▶ _Dataset records_:
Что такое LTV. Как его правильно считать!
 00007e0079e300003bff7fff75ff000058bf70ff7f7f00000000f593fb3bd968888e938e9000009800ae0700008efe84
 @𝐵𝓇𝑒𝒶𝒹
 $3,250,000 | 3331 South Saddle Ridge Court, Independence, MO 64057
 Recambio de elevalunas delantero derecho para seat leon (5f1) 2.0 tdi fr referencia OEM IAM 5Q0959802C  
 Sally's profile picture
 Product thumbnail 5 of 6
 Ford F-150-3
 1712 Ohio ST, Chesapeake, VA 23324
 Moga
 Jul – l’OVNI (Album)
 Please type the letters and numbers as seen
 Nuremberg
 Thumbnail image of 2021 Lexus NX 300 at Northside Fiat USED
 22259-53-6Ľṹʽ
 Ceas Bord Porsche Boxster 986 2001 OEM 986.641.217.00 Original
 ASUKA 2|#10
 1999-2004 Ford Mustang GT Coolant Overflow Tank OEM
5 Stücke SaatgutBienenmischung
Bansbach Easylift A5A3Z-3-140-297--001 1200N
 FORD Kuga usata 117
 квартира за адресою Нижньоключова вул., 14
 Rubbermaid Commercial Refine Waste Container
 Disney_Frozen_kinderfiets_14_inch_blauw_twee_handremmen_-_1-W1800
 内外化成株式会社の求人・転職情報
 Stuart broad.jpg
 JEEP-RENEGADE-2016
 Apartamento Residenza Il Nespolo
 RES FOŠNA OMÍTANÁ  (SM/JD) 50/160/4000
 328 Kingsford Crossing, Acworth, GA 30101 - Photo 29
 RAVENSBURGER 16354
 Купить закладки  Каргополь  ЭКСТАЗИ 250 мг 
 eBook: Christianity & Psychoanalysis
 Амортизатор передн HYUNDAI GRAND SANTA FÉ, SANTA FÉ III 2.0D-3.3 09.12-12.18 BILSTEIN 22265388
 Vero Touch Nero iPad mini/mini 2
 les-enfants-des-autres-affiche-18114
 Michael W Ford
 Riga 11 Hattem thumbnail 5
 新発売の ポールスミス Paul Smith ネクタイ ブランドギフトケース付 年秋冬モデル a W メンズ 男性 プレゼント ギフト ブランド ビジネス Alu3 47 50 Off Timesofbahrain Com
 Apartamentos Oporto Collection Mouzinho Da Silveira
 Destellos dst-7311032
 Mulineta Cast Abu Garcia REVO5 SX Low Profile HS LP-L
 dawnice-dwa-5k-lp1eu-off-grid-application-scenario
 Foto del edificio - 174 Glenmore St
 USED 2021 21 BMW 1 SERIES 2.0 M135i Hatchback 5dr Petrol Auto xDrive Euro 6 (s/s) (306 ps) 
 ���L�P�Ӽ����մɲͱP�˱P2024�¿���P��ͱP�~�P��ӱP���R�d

▶ _Problem requirements_:
Repeat word for word each line from the one with "内外化成株式会社の求人・転職情報" to the end of the records above, inclusive.

▶ _Expected answer_:
 内外化成株式会社の求人・転職情報
 Stuart broad.jpg
 JEEP-RENEGADE-2016
 Apartamento Residenza Il Nespolo
 RES FOŠNA OMÍTANÁ  (SM/JD) 50/160/4000
 328 Kingsford Crossing, Acworth, GA 30101 - Photo 29
 RAVENSBURGER 16354
 Купить закладки  Каргополь  ЭКСТАЗИ 250 мг 
 eBook: Christianity & Psychoanalysis
 Амортизатор передн HYUNDAI GRAND SANTA FÉ, SANTA FÉ III 2.0D-3.3 09.12-12.18 BILSTEIN 22265388
 Vero Touch Nero iPad mini/mini 2
 les-enfants-des-autres-affiche-18114
 Michael W Ford
 Riga 11 Hattem thumbnail 5
 新発売の ポールスミス Paul Smith ネクタイ ブランドギフトケース付 年秋冬モデル a W メンズ 男性 プレゼント ギフト ブランド ビジネス Alu3 47 50 Off Timesofbahrain Com
 Apartamentos Oporto Collection Mouzinho Da Silveira
 Destellos dst-7311032
 Mulineta Cast Abu Garcia REVO5 SX Low Profile HS LP-L
 dawnice-dwa-5k-lp1eu-off-grid-application-scenario
 Foto del edificio - 174 Glenmore St
 USED 2021 21 BMW 1 SERIES 2.0 M135i Hatchback 5dr Petrol Auto xDrive Euro 6 (s/s) (306 ps) 
 ���L�P�Ӽ����մɲͱP�˱P2024�¿���P��ͱP�~�P��ӱP���R�d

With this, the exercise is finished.